I am eventually going to swap it for Andy's I-PAC at www.spaceinvaders.uk.com for ease of use and to allow a second keyboard.
Notice the wires coming from the joysticks and switches to the electrical block. The keyboard encoder is soldered to an old IDE cable which is perfect for the job as it keeps all the wires together tidily, then wired up to the other side of the electrical strip.
The easiest way to get a second joystick hooked was to buy a cheap joy pad and gut it. You can see where I've soldered two wires for each button to the PCB. which is in turn is wired to the cabinet controls. Tip: when doing this the contacts must be clean of any conductive paint on the board. I used fine wire wool to take it off. Also I used a small hobbyist drill to drill a hole 0.5mm in each of contacts. This allowed the wire to pass through, so keeping it in position and making the soldering so much easier. The joy pad incidentally has eight directions and four action buttons and an auto fire switch should you feel the need!

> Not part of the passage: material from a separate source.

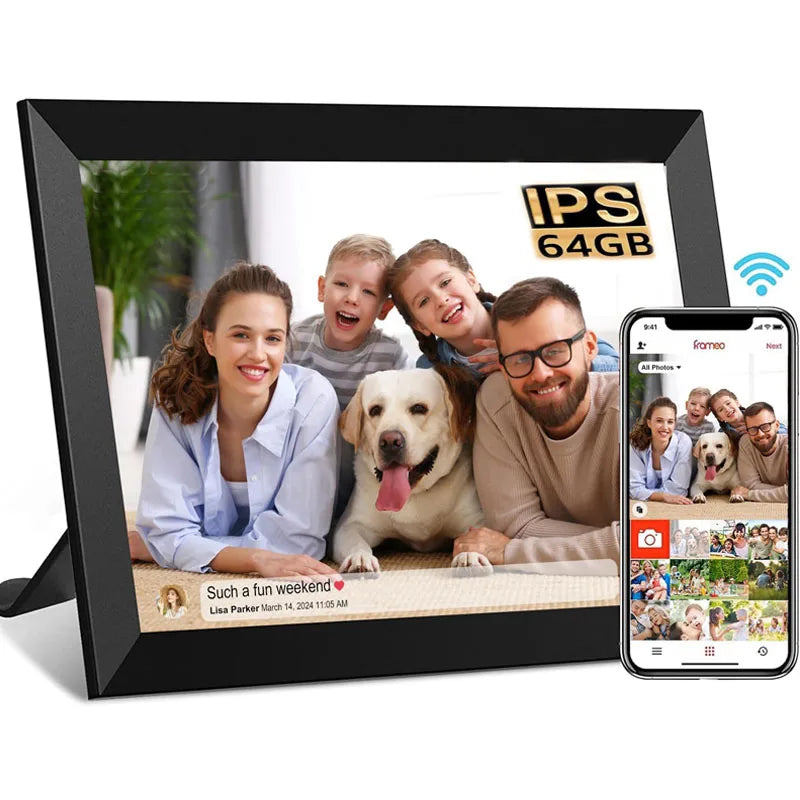 Digital Frame 10.1 Inch Uhale Frameo Digital Photo Frame WiFi 32GB/64GB Large Storage1280 x 800 HD IPS Touch Screen Auto-Rotate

Here's the key press layout I've chosen. With this method I can control all of Windows menus without the need for a keyboard. Notice coin input No. 3 (insert coin). When the cabinet is locked to gain a credit you have to put some money in. With the front open you can access the control box and press `coin` to gain credit.
The coin mechanism is electronic rather than mechanical. Therefore when a coin is inserted it uses a series of electronic `pulses` to tell the (originally JAMMA) PCB how many credits to give. I couldn't just wire it up to the encoder but had to make up a small circuit to interface it. This converts the `pulses` into switches and is wired into the encoder - in this case to number 3 (insert coin). The circuit I made can be found here Full credit to Brian Lewis for the design of these boards - his complete JAMMA to PC page can be found on the links page.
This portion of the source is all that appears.